▶ What is being asked
Strip out all images, then restate the data verbatim.

▶ Recorded information
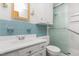 Bathroom featuring a toilet, shower, tiled wall, and a vanity sink at 4298 Old Stage S Rd, Erwin, NC 28339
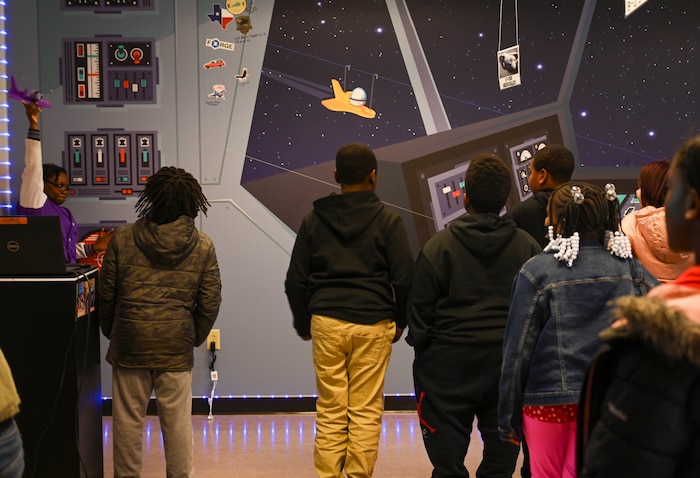 Students watch as a toy airplane zips down a string.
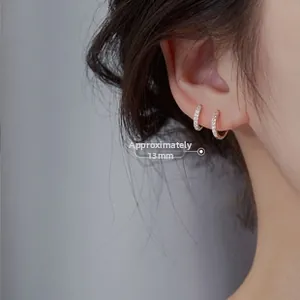 Detail shot of 13mm gold U-shaped huggie earrings with shimmering pavé zircon stones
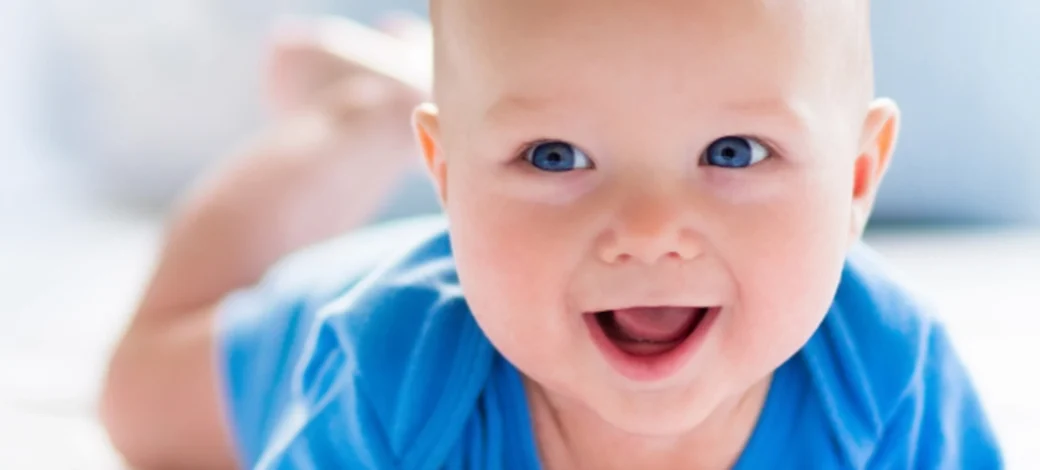 A Fairfax EggBank donor egg conceived baby smiling.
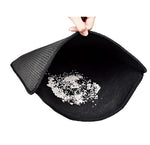 Black double-layer cat litter mat with folded flap and scattered litter on surface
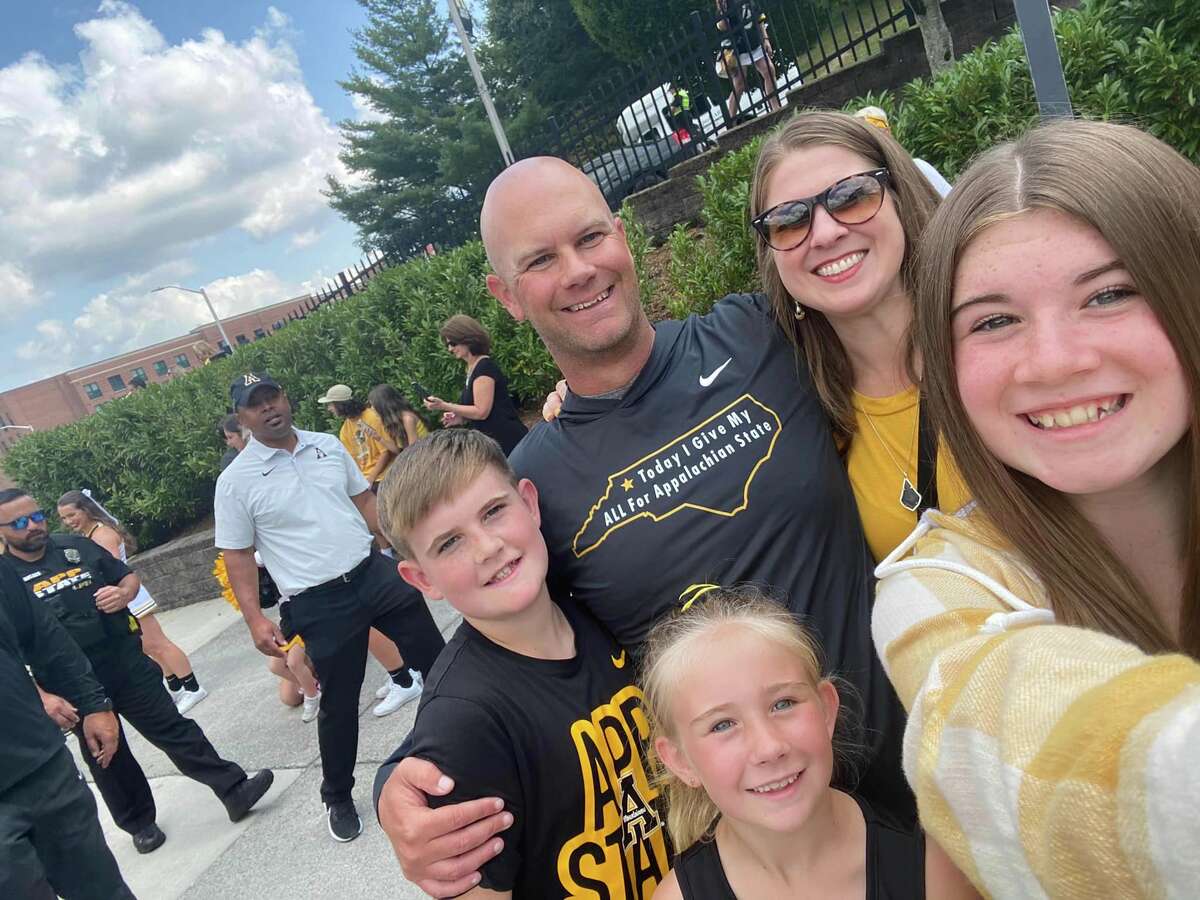 Kevin Barbay, along with wife Kacie and their children, Kynslie, Karoline and Karson, pose for a picture on the App State campus. 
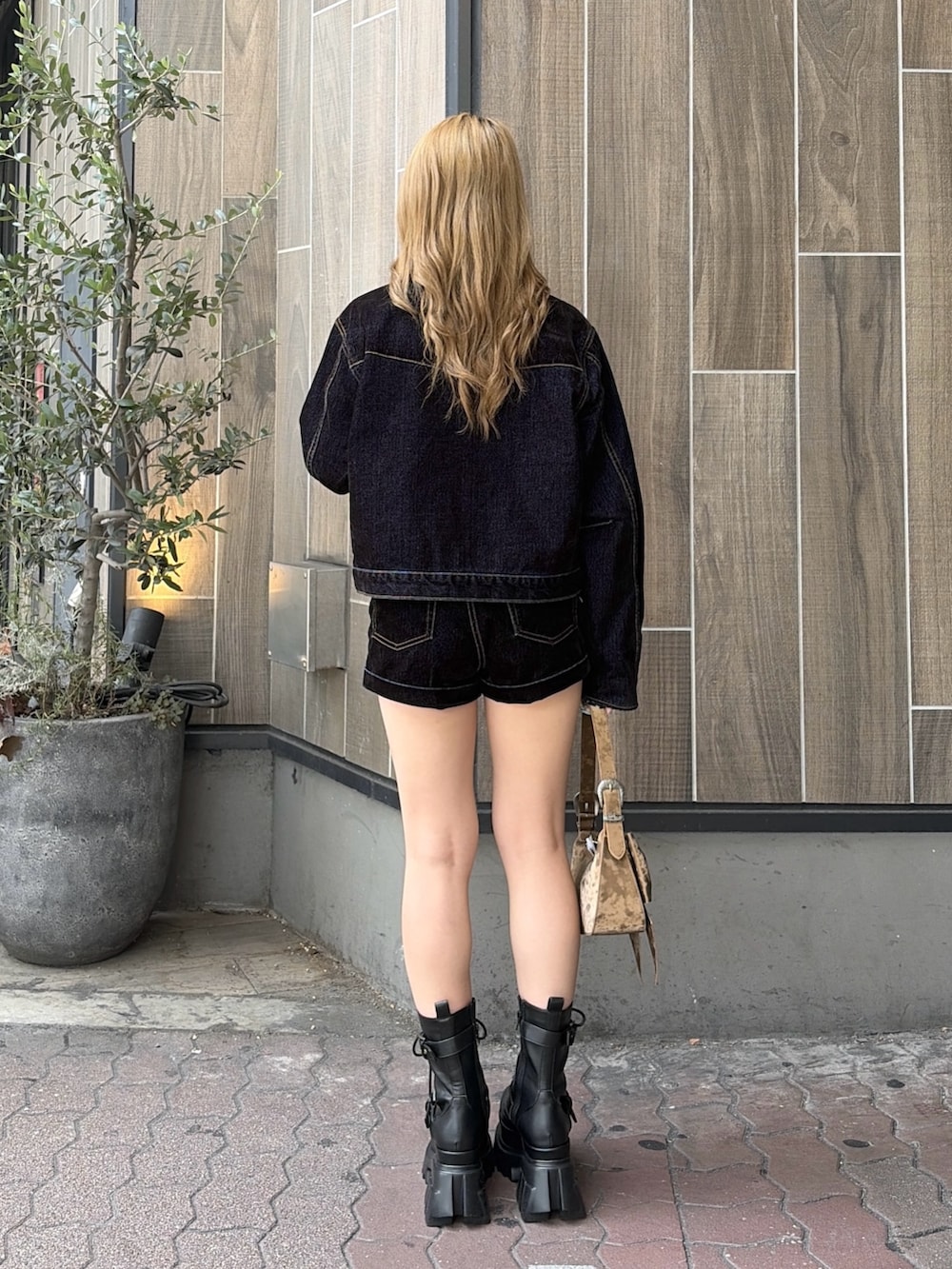 ブルー系のその他パンツ、ブルー系のデニムジャケット、ブラウン系のハンドバッグを着用したレディースの夏コーディネートの3枚目の写真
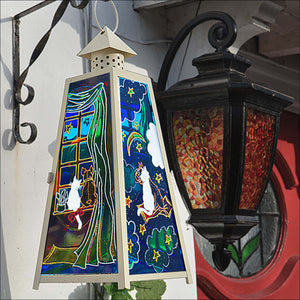 A stain glass candle lantern hanging by the front door – a French bulldog & his cat friend hand painted in jewel like colour
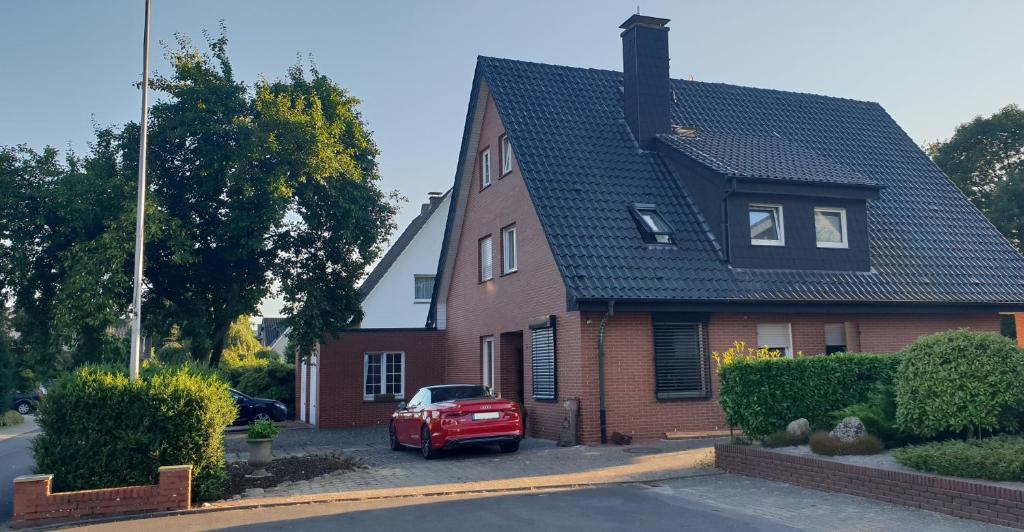 伊本比伦Pension Pommernweg Ibbenbüren的停在房子前面的红色汽车
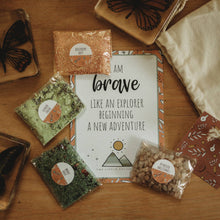 The image displays the Heart of an adventurer - Potion Pouch product, which includes four sparkly dry ingredients in biodegradable cellophane bags, a potion card, and a linen cloth bag, all laid out on a wooden surface with a magical theme.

▶ Answer
 Bathroom featuring a toilet, shower, tiled wall, and a vanity sink at 4298 Old Stage S Rd, Erwin, NC 28339
 Students watch as a toy airplane zips down a string.
 Detail shot of 13mm gold U-shaped huggie earrings with shimmering pavé zircon stones
 A Fairfax EggBank donor egg conceived baby smiling.
 Black double-layer cat litter mat with folded flap and scattered litter on surface
 Kevin Barbay, along with wife Kacie and their children, Kynslie, Karoline and Karson, pose for a picture on the App State campus. 
 ブルー系のその他パンツ、ブルー系のデニムジャケット、ブラウン系のハンドバッグを着用したレディースの夏コーディネートの3枚目の写真
 A stain glass candle lantern hanging by the front door – a French bulldog & his cat friend hand painted in jewel like colour
 伊本比伦Pension Pommernweg Ibbenbüren的停在房子前面的红色汽车
 The image displays the Heart of an adventurer - Potion Pouch product, which includes four sparkly dry ingredients in biodegradable cellophane bags, a potion card, and a linen cloth bag, all laid out on a wooden surface with a magical theme.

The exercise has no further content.